Sukses

Memburu Tersangka Baru Kasus Dugaan Korupsi di Kemenpora

KPK kini tengah menyelidiki kasus dugaan korupsi di tubuh Kemenpora.

Liputan6.com, Jakarta - Mantan pemain bulu tangkis Nasional Taufik Hidayat tiba-tiba mendatangi Gedung Komisi Pemberantasan Korupsi (KPK), Kamis, 1 Agustus 2019. Nama Taufik tak ada dalam jadwal pemeriksaan yang diterbitkan pihak lembaga antirasuah.

Taufik yang mengenakan kemeja berwarna putih tiba sekira pukul 10.00 WIB. Tak lama menunggi di lobi markas antirasuah, Taufik pun naik ke lantai dua Gedung Merah Putih itu. Lantai dua biasa digunakan penyidik untuk memeriksa saksi.

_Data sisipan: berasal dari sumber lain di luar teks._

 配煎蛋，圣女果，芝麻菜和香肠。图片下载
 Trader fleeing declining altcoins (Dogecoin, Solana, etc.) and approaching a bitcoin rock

Selang 45 menit kemudian, Juru Bicara KPK Febri Diansyah menjelaskan, kedatangan peraih medali emas pada Olimpiade Athena 2004 itu. Febri menyebut, Taufik dimintai keterangan dalam penyelidikan kasus baru.

"Pengembangan dari perkara sebelumnya yang telah diproses di persidangan Pengadilan Tipikor," ujar Juru Febri kepada awak media melalui pesan singkat, Kamis (1/8/2019).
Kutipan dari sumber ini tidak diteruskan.